Work item: From the line with "this 640×480 image." to the line with "this 250×188 image.", output every line below exactly, both ends included. Skip the pictures.

Input material:

>>

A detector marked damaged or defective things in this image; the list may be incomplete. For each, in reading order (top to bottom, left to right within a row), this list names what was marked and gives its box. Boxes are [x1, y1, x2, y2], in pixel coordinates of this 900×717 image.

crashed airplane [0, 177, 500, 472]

<<
>>

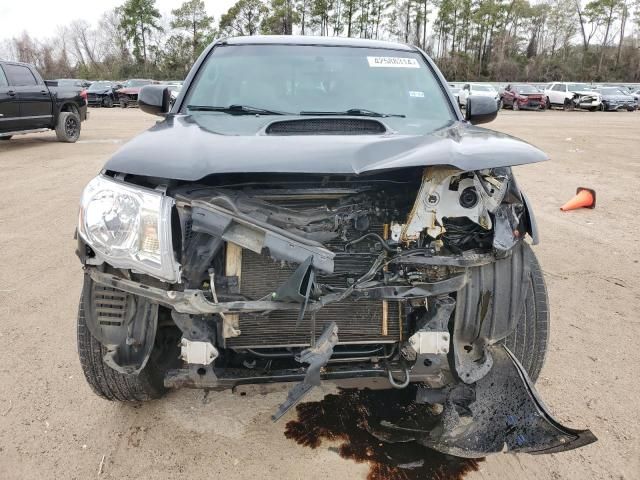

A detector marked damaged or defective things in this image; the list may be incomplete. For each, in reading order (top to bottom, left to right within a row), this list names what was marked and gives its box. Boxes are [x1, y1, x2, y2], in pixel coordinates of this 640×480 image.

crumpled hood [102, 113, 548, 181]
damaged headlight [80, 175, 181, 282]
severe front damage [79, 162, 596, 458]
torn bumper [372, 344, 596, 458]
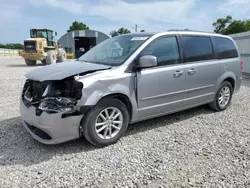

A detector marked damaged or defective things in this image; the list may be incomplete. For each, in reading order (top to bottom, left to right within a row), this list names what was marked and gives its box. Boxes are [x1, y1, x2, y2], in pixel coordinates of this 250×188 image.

<<
>>

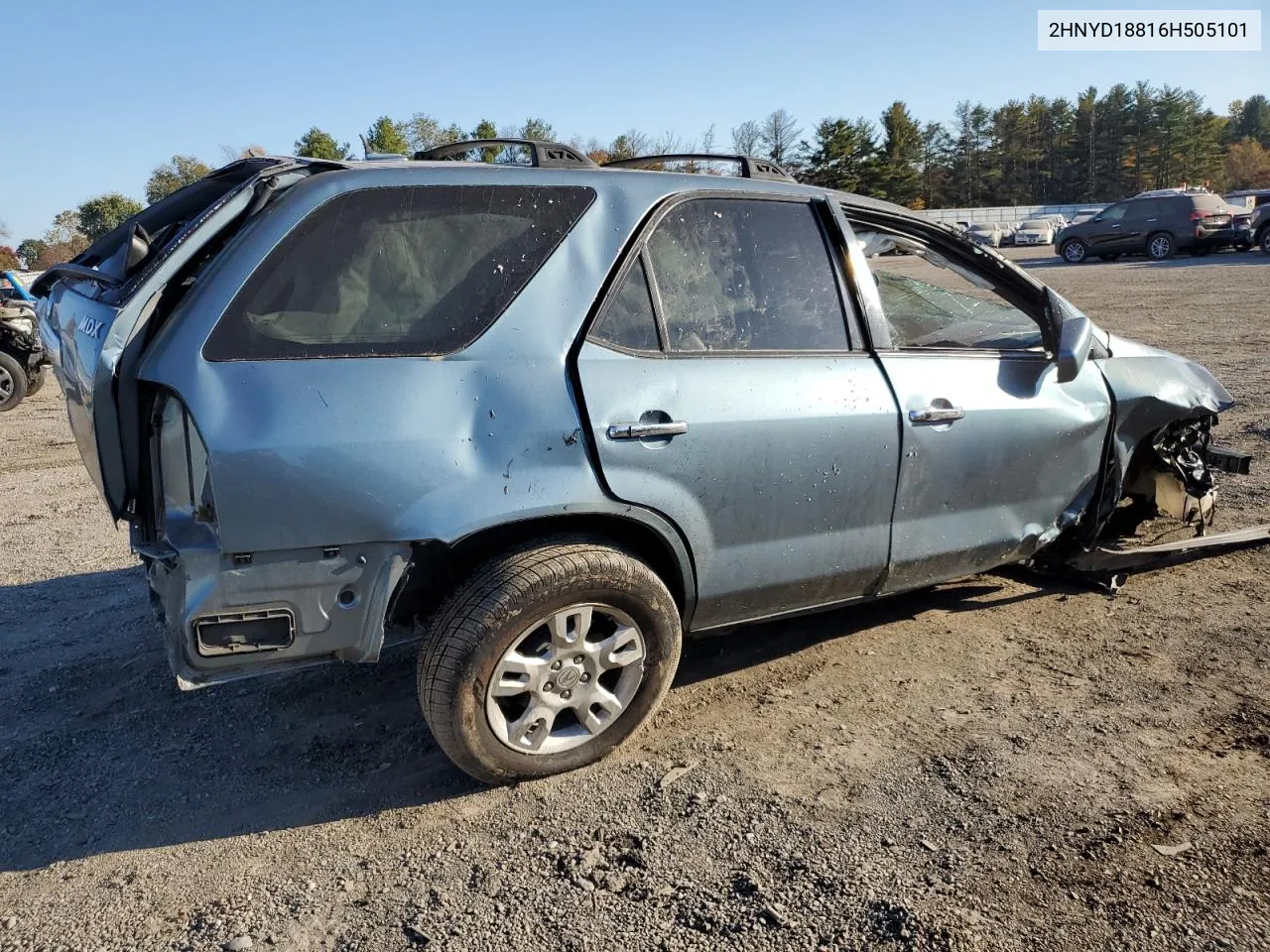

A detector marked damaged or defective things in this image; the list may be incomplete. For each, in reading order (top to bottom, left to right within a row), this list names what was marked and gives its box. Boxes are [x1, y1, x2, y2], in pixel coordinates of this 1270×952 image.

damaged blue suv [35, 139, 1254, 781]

<<

Result of this task:
A detector marked damaged or defective things in this image; the list may be incomplete. For each, in reading order (top to bottom, left to right within a row), this list names what was marked and gives its box. Boxes are [x1, y1, x2, y2], in pixel coordinates of this 640×480 image.

crumpled hood [102, 113, 548, 181]
damaged headlight [80, 175, 181, 282]
severe front damage [79, 162, 596, 458]
torn bumper [372, 344, 596, 458]

A detector marked damaged or defective things in this image; the list may be incomplete. For each, in reading order (top to bottom, left to right within a row), this list names what was marked and gives its box. Boxes are [x1, y1, x2, y2], in pixel coordinates of this 250×188 image.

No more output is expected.